[Scraped caption text data]
▼

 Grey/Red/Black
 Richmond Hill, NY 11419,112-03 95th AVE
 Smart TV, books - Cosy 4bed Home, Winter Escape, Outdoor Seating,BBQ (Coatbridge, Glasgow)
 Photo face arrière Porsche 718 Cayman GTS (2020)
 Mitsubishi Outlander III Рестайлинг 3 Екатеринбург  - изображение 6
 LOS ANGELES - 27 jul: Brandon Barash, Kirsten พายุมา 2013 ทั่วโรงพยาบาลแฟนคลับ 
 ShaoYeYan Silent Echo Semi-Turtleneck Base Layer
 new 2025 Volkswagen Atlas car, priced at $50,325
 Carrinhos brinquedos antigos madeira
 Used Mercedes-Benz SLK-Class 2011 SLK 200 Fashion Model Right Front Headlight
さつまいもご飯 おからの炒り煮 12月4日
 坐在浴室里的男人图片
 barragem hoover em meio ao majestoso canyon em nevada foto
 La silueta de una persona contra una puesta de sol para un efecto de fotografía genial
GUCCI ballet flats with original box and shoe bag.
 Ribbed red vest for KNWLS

▲

Your answer must be every record above, retyped exactly.

 Grey/Red/Black
 Richmond Hill, NY 11419,112-03 95th AVE
 Smart TV, books - Cosy 4bed Home, Winter Escape, Outdoor Seating,BBQ (Coatbridge, Glasgow)
 Photo face arrière Porsche 718 Cayman GTS (2020)
 Mitsubishi Outlander III Рестайлинг 3 Екатеринбург  - изображение 6
 LOS ANGELES - 27 jul: Brandon Barash, Kirsten พายุมา 2013 ทั่วโรงพยาบาลแฟนคลับ 
 ShaoYeYan Silent Echo Semi-Turtleneck Base Layer
 new 2025 Volkswagen Atlas car, priced at $50,325
 Carrinhos brinquedos antigos madeira
 Used Mercedes-Benz SLK-Class 2011 SLK 200 Fashion Model Right Front Headlight
さつまいもご飯 おからの炒り煮 12月4日
 坐在浴室里的男人图片
 barragem hoover em meio ao majestoso canyon em nevada foto
 La silueta de una persona contra una puesta de sol para un efecto de fotografía genial
GUCCI ballet flats with original box and shoe bag.
 Ribbed red vest for KNWLS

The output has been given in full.